Bubble chamber images like these could be interpreted by eye to detect particles moving through it, but modern detectors produce increasingly complex images with particle trajectories that are only deciphered by using well-designed algorithms.

While presenting the results of the HiggsML challenge in the aptly named ‘Connecting The Dots’ workshop at Berkeley, I ended my talk with a few additional slides: what if we were to organize a particle physics tracking challenge? So, what is ‘tracking’ in particle physics? Well, protons accelerated by the LHC collide to produce a firework of elementary particles. Unlike flares in a real firework, which can be followed by eye, particles are measured by silicon detectors at discrete points. Using these measurements, tracking algorithms need to reconstruct the original trajectories. Current tracking algorithms use a large portion of the computing resources devoted to processing LHC data. As such, this is an important problem, with a richness of possible approaches. Importantly, this problem could also be framed as ‘just’ a 3D pattern recognition problem.

We started by devising the challenge dataset; we wanted to use simulations in order to have an accurate ground truth. However, existing simulations had many detailed features that obscured the big picture. We decided instead to use ACTS, an open source simulator. This allowed us to make the problem simpler, but not so simple that it became uninteresting.

Then onto evaluation: there are stacks of papers and PhD dissertations on tracking algorithms that are full of plots and tables. But we needed to evaluate a proposed tracking algorithm with just one single number (plus the speed). We finally settled on a very unusual (for us) evaluation score: we match all the proposed tracks to the ground truth ones, spot which points are correctly assigned and which are not, and define the score to be the overall fraction of correctly assigned points. This is reminiscent of the intersection-over-union criterion commonly used for evaluating pattern recognition algorithms.

By this time, we realized that the challenge, named TrackML, was going to be much more complex than HiggsML, where any off-the-shelf classifier was a reasonable starting point. And not only did we want new algorithms, we wanted them to be fast! To alleviate this difficulty, the challenge was split into two phases: the first ‘accuracy’ phase would focus on the quality of the algorithm, the second ‘throughput’ phase would have an additional strong speed incentive.

The accuracy phase ran on Kaggle from May to August 20181. The final leader board shows a peloton of participants preceded by well-detached frontrunners, which, as on a long mountain stage in the Tour de France, indicates that the competition was really difficult.

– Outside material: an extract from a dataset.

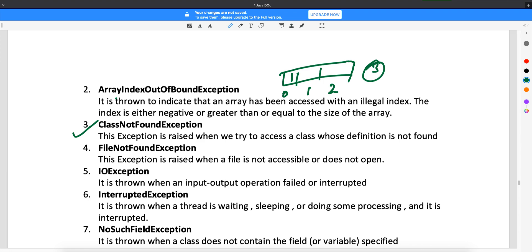The third one is ClassNotFoundException. This occurs when you are trying to access a class which is not defined in your project. For example, using Class.forName() — that is another way to register your class, which is part of the reflections framework. Whenever you have a class and you are trying to access it but it is not found in your project, you will get ClassNotFoundException.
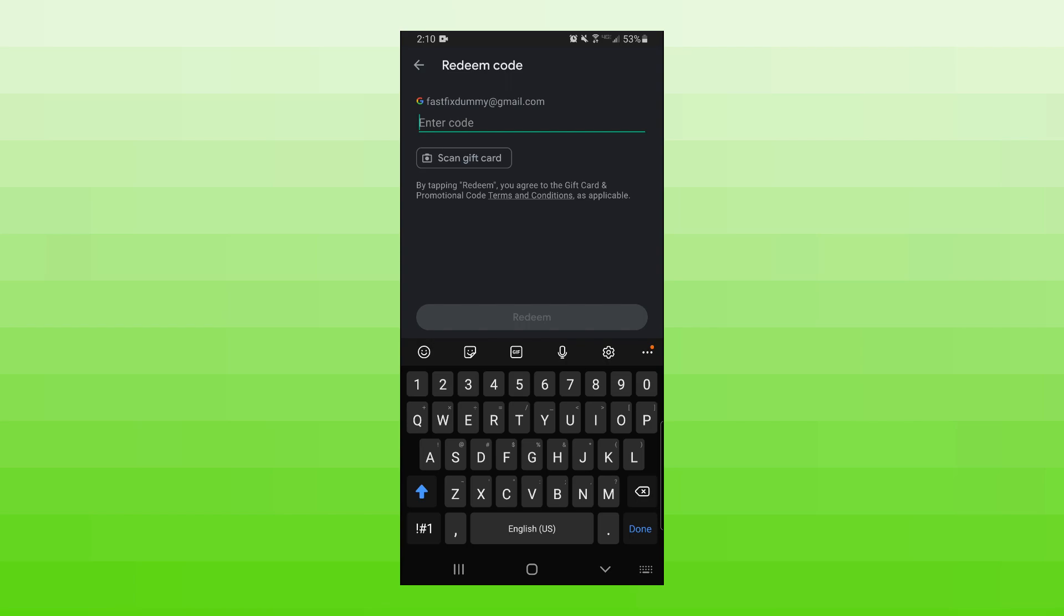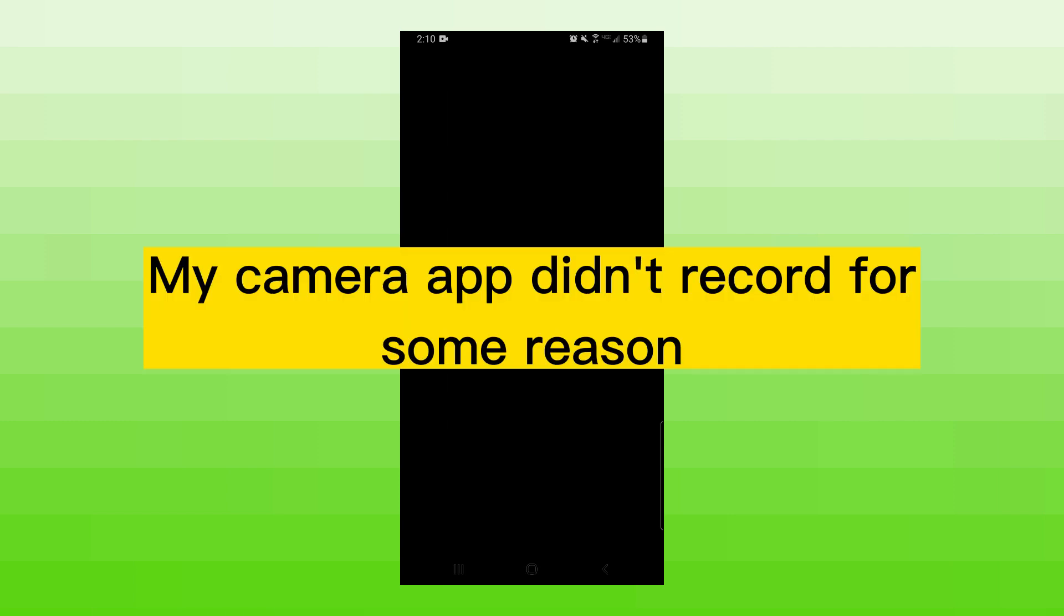At the top, they'll tell you what account you're putting the money on. You can either type in the code exactly as displayed on your gift card, or click on the 'Scan gift card' button below it and scan the code in the bar.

Different algorithms were used, some with clever injections of machine learning, which we acknowledged with an in-kind NVIDIA V100 GPU and invitations to the 2018 Conference on Neural Information Processing Systems or CERN, in addition to monetary prizes for the first three. We studied submissions, producing many plots and tables. We were quite happy to see that algorithms with the best scores were also the ones with the best results according to these plots and tables, meaning that the participants could not ‘hack’ the evaluation score with algorithms that would turn out to be useless to us.

For the throughput phase, we used the CodaLab platform (managed by Chalearn and University Paris Saclay), which was configured to measure the speed of participants’ Python or C++ software on dedicated servers, in addition to the accuracy score as above.

The throughput phase ran from September 2018 to March 2018, with much fewer participants. We suspect that we lost many people when they realized they would have to code in C++ for speed. However, the top three submissions are astonishingly good. Number three, in seven seconds, optimized the winning code of the accuracy phase by injecting new (for particle physicists) machine learning techniques: the key for speed in such a combinatorial problem is to drop branches of the exploration tree as early as possible. The winner and runner-up are in fact established particle physics tracking experts; they had solutions below one second, which is an order of magnitude faster than the current state-of-the-art running on admittedly more complex simulations (needless to say, they didn’t have access to any insider information).

So, the story ends with a twist: a scientific community designs a challenge to reach out to computer science, but the competition is won by their own experts. Was it worth it? Absolutely, for three reasons: (i) the diverse machine learning techniques we were exposed to are now on the table, ready to be scrutinized by the community; (ii) by their own admission, the experts enjoyed competing in a lightweight environment with a well-defined single score; and (iii) the TrackML dataset (being released on the CERN Open Data Portal) will serve as a future benchmark. It has in fact already been used to explore the use of quantum computing for tracking.